Modern mobile GPUs integrate an increasing number of shader cores to speedup the execution of graphics workloads. Each core integrates a private Texture Cache to apply texturing effects on objects, which is backed-up by a shared L2 cache. However, as in any other memory hierarchy, such organization produces data replication in the upper levels (i.e., the private Texture Caches) to allow for faster accesses at the expense of reducing their overall effective capacity. E.g., in a mobile GPU with four shader cores, about 84.6% of the requested texture blocks are replicated in at least one of the other private Texture Caches.This paper proposes a novel dynamically-mapped Non-Uniform Cache Architecture (NUCA) organization for the private Texture Caches of a mobile GPU aimed at increasing their effective overall capacity and decreasing the overall access latency by attacking data replication. A block missing in a local Texture Cache may be serviced by a remote one at a cost smaller than a round trip to the shared L2. The proposed Dynamic Texture Mapping-NUCA (DTM-NUCA) features a lightweight mapping table, called Affinity Table, that is independent of the L2 cache size, unlike a traditional NUCA organization. The best owner for a given set of blocks is dynamically determined and stored in the Affinity Table to maximize local accesses. The mechanism also allows for a certain amount of replication to favor local accesses where appropriate, without hurting performance due to the small capacity loss resulting from the allowed replication. DTM-NUCA is presented in two flavors. One with a centralized Affinity Table, and another with a distributed Affinity Table . Experimental results show first that the L2 pressure is effectively reduced, eliminating 41.8% of the L2 accesses on average. As for the average latency, DTM-NUCA performs a very effective job at maximizing local over remote accesses, achieving 73.8% of local accesses on average. As a consequence, our novel DTM-NUCA organization obtains an average speedup of 16.9% and overall 7.6% energy savings over a conventional organization.

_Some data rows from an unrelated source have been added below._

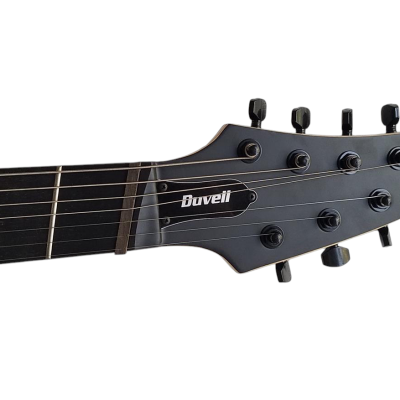 Custom Onyx Duvell Multi Fanned Frets Supernova Blue 7 String Guitar - Image 4
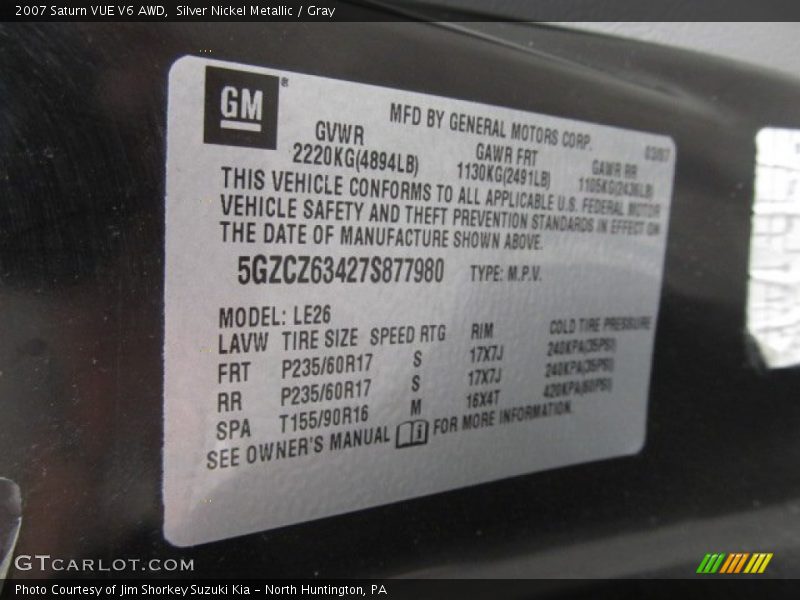 Silver Nickel Metallic / Gray 2007 Saturn VUE V6 AWD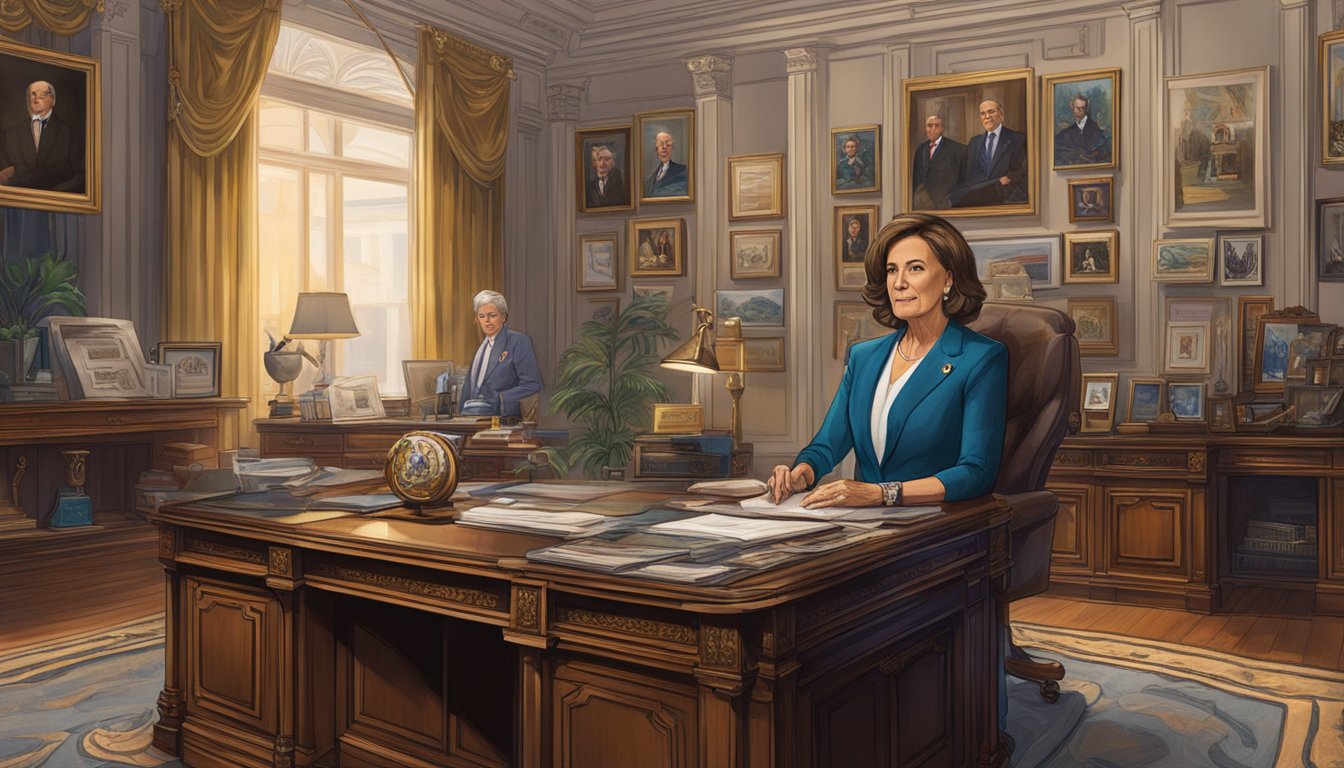 A powerful senator strategizes in her opulent office, surrounded by political memorabilia and framed accolades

This paper proposes a novel micro-architecture approach for mobile GPUs aimed at early removing the occluded geometry in a scene by leveraging frame-to-frame coherence, thus reducing the overall energy consumption. Mobile GPUs commonly implement a Tile-Based Rendering (TBR) architecture which differentiates two main phases: the Geometry Pipeline , where all the geometry of a scene is processed; and the Raster Pipeline , where primitives are rendered in a framebuffer. After the Geometry Pipeline, only non-culled primitives inside the camera’s frustum are stored into the Parameter Buffer , a data structure stored in DRAM. However, among the non-culled primitives there is a significant amount that are rendered but non-visible at all , resulting in useless computations. On average, 60% of those primitives are completely occluded in our benchmarks. Despite TBR architectures use on-chip caches for the Parameter Buffer, about 46% of the DRAM traffic still comes from accesses to such buffer. The proposed Triangle Dropping technique leverages the visibility information computed along the Raster Pipeline to predict the primitives’ visibility in the next frame to early discard those that will be totally occluded, drastically reducing Parameter Buffer accesses. On average, our approach achieves overall 14.5% energy savings, 28.2% energy-delay product savings and a speedup of 20.2%.
An important drawback of cycle-accurate microarchitectural simulators is that they are several orders of magnitude slower than the system they model. This becomes an important issue when simulations have to be repeated multiple times sweeping over the desired design space. In the specific context of graphics workloads, performing cycle-accurate simulations are even more demanding due to the high number of triangles that have to be shaded, lighted and textured to compose a single frame. As a result, simulating a few minutes of a video game sequence is extremely time-consuming.In this paper, we make the observation that collecting information about the vertices and primitives that are processed, along with the times that shader programs are invoked, allows us to characterize the activity performed on a given frame. Based on that, we propose a novel methodology for the efficient simulation of graphics workloads called MEGsim, an approach that is capable of accurately characterizing entire video sequences by using a small subset of selected frames which substantially drops the simulation time. For a set of popular Android games, we show that MEGsim achieves an average simulation speedup of 126×, achieving remarkably accurate results for the estimated final statistics, e.g., with average relative errors of just 0.84% for the total number of cycles, 0.99% for the number of DRAM accesses, 1.2% for the number of L2 cache accesses, and 0.86% for the number of L1 (tile cache) accesses.